From Keith:  Maybe it’s because I have two young daughters at home who are just becoming aware of what it means to be a girl in the 21st century (with all the perils and promises that come with the territory). This year, more than ever, it seems that people are paying attention to Women’s History Month in new ways. Local museums have mounted exhibits honoring the contributions of women who shaped our artistic and historical heritage. Bookstores fill their front shelves with biographies of extraordinary women. The children’s section of the library has gone all out with a special display of picture books that celebrate girl power! All in a season when a certain pink knit hat made the cover of Time magazine, and millions of women came out across the globe to stand up for the rights of just about everyone.      

My daughter’s school has gotten fully in on the action. They’re reading stories during circle time about against-the-odds bravery of women such as Eleanor Roosevelt, Helen Keller, Anne Frank and one of my personal favorites, Amelia Earhart. When Maggie (age 8) brought home a book from the school library a few days ago about Rosa Parks, it seemed the perfect moment to talk with her about how lucky we are that women like Rosa Parks had come before us, whose courage and audacity blazed new trails for all women (and in the case of Rosa Parks, all people).

Before I could frame a thoughtful question about what she’d learned, my daughter had one for me: “Why don’t we have a men’s history month, Mama?”


At first, my daughter’s question made me feel as though I’d been exposed: a failed female role model. Where had I fallen down on the job? Wasn’t I the person most responsible for telling her the stories of women who had fought for the right to vote? Wasn’t I supposed to explain to her that for centuries, being a girl meant certain doors were closed to you, no matter how bright, passionate or talented you were?

As I searched feebly for a response to her very good question, it occurred to me that my daughter’s question was really a sign of how far girls have come, of how confident girls feel in their world, of how certain they are that they’ve got a fair shot.

And why wouldn’t they? My daughter knows moms who work and moms who stay at home to focus on their families. She’s watched her own mom do both (“you can have it all but not at the same time,” a wise friend once said to me). Girls can run for president. Girls can be ballerinas, but they can also be basketball stars. While she’s still young and may encounter hurdles along the way because she’s a girl, she doesn’t see herself as someone who requires a special month of celebration any more than her brother does. Every day is a day for girls, as far as she’s concerned.
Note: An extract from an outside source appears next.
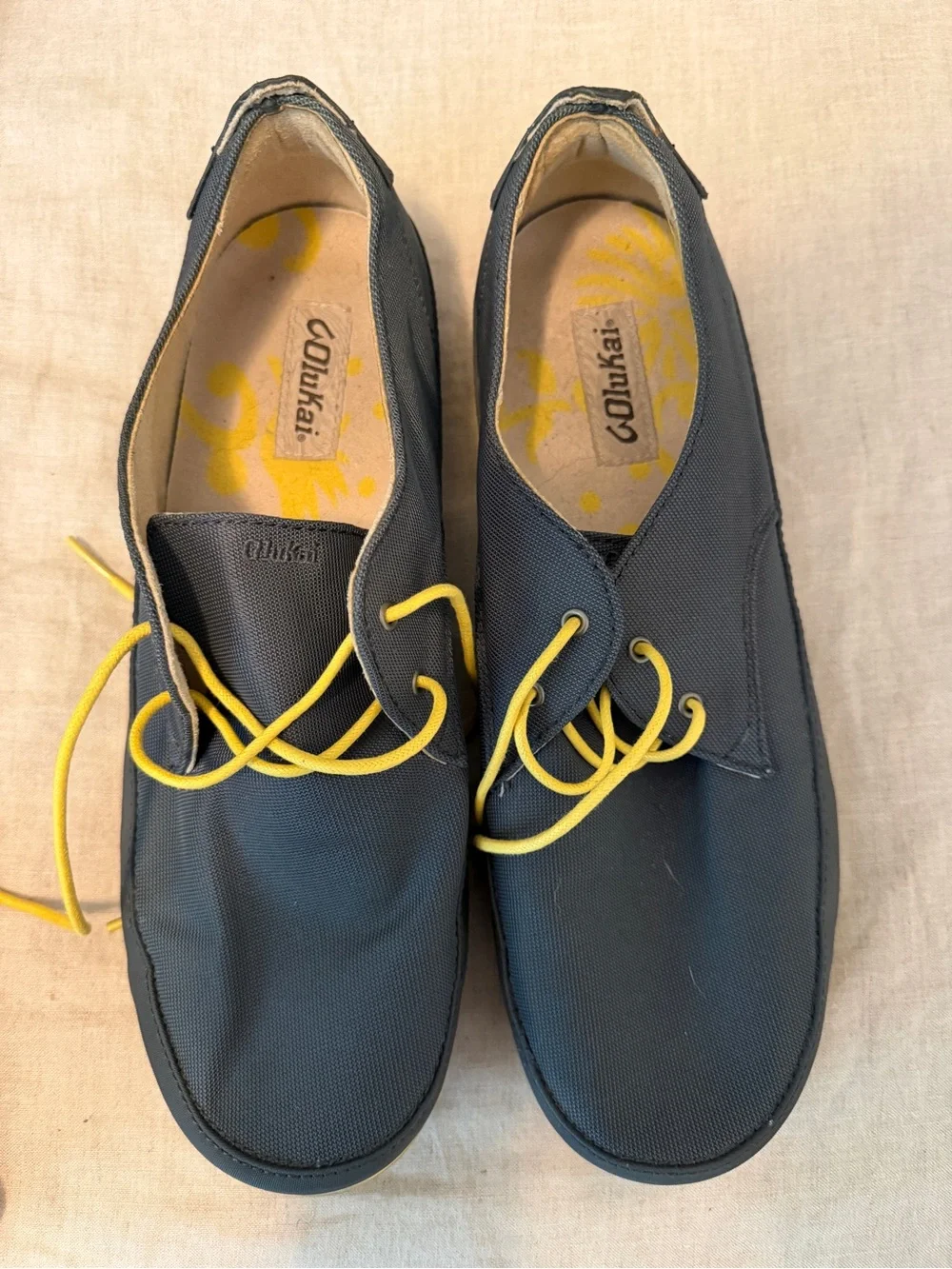 OluKai Men's Navy Canvas Boat Shoes with Yellow Laces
My daughter’s privilege and good fortune in having so many healthy female role models means it will be doubly important for me, as her mother, to talk to her about the sacrifices made by the many women who came before her. It’s up to me to be sure she’s aware that women in some countries suffer unimaginable persecution.

It’s also up to me to delight in her sense of herself as a person who can do anything. For that matter, it’s up to me to do the same for my son.
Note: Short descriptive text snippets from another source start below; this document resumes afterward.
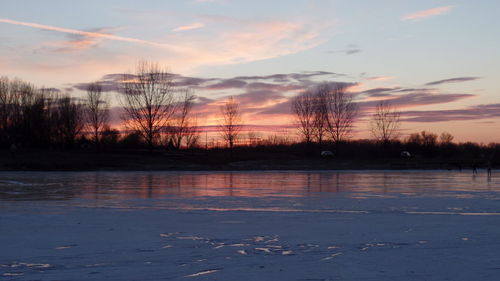 Scenic view of lake against sky at sunset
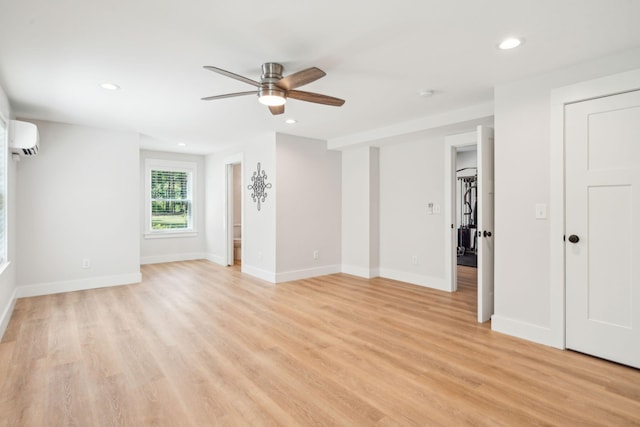 unfurnished room featuring ceiling fan, a wall mounted air conditioner, and light wood-type flooring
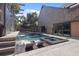 Luxury pool area with a hot tub, waterfall feature, lounge chairs, and modern landscaping for ultimate relaxation at 2902 W Fair Oaks Ave, Tampa, FL 33611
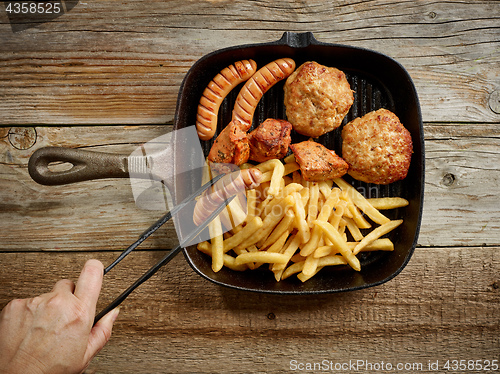 Image of various grilled meat and fried potatoes on cast iron pan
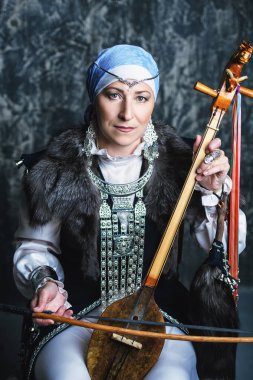 Ulusal kostüm yaşlı yerli kadın eski keman çalıyor.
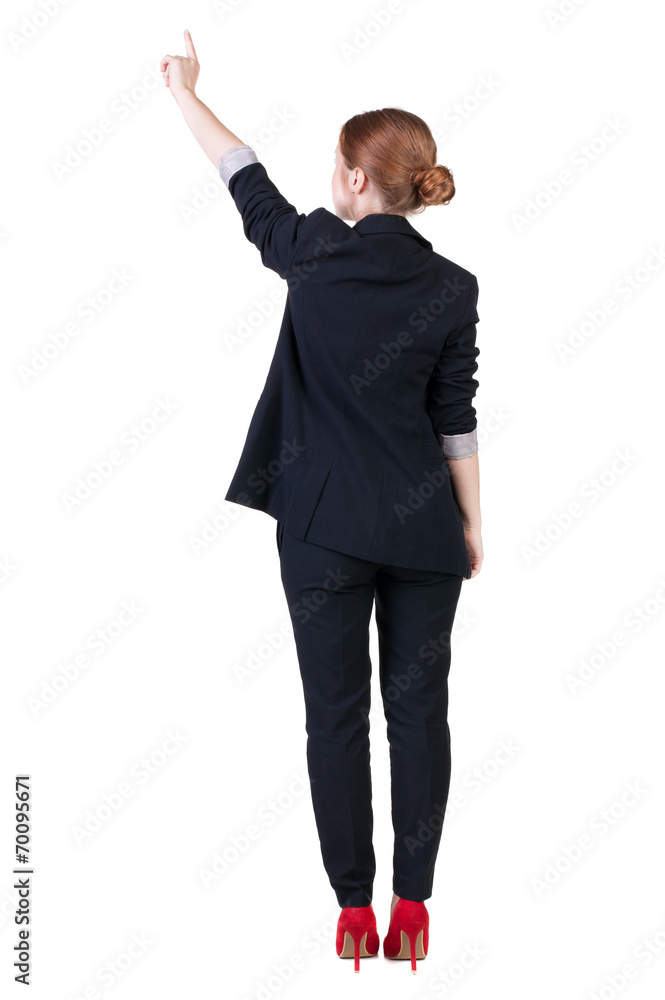 Back view of young redhead business woman pointing at wal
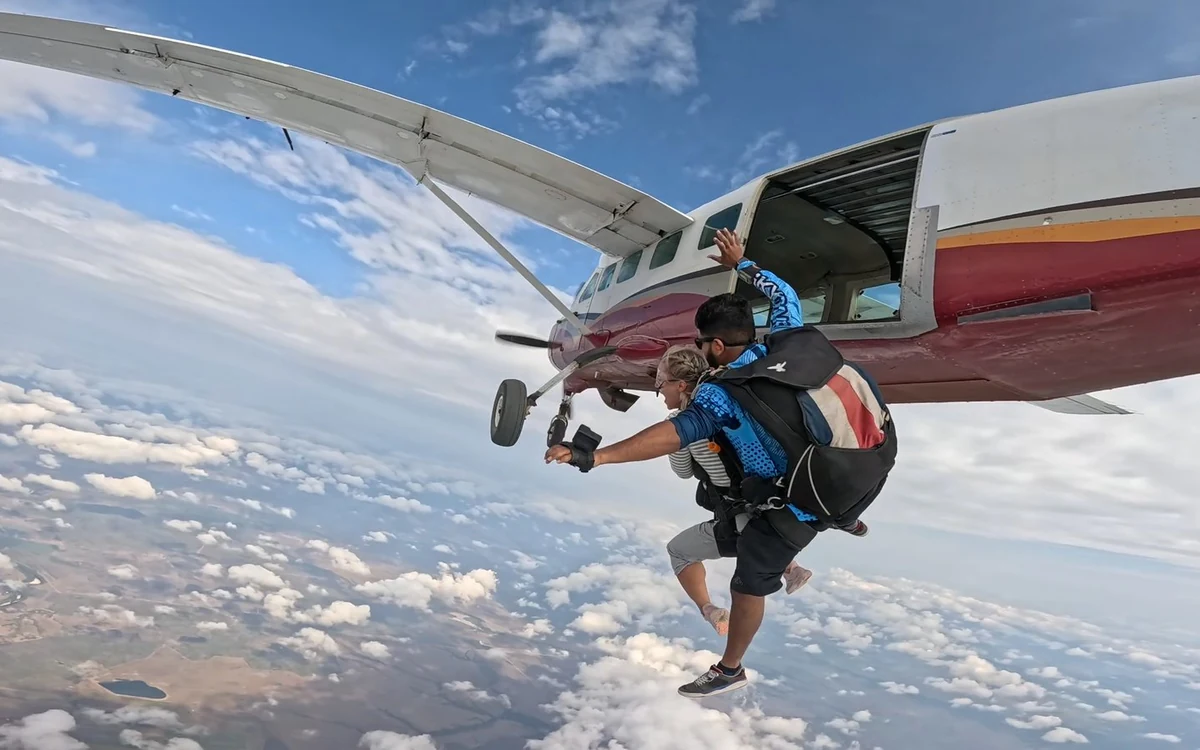 A tandem pair leaving the open door of a small aircraft above the clouds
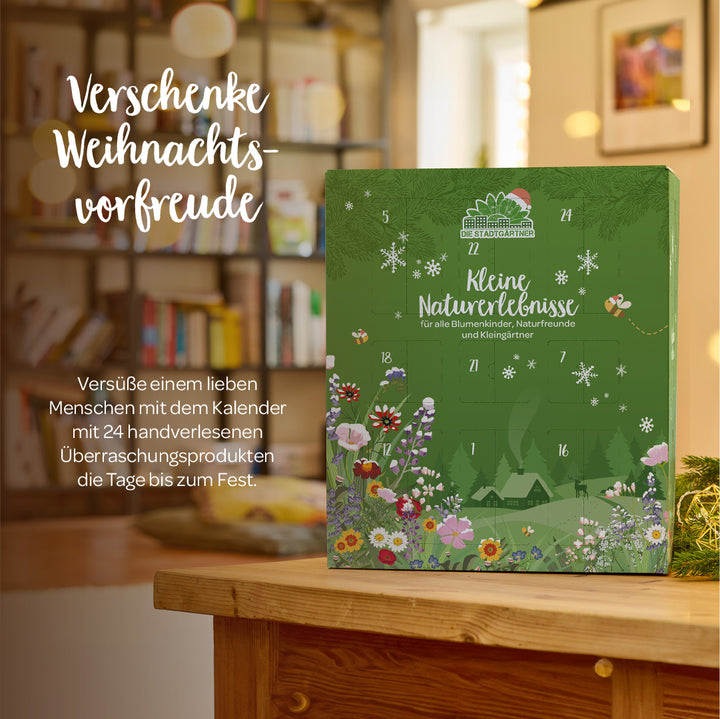 Un calendrier de l'Avent vert avec un motif floral se dresse sur une table en bois devant une étagère, avec le texte « Offrez le cadeau de l'anticipation de Noël » à côté.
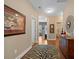 Spacious hallway with hardwood floors, neutral paint, decorative rug, and stylish accent pieces at 213 Palmetto Walk Dr, Summerville, SC 29486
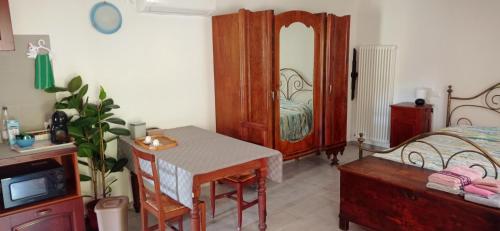a bedroom with a bed and a desk and a table at Agriturismo IL CERRO in Marzabotto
So what are we planning to do – as a family of two parents, two girls and a boy –  to celebrate Women’s History Month? We’ll choose a few books about trailblazing women who’ve made our world a better place, but we’ll also find some time for a funny story or two about our favorite heroines, the spunky, neurotic, iconoclastic, wacky ones who remind us there are many ways to go about being a girl – and a human being.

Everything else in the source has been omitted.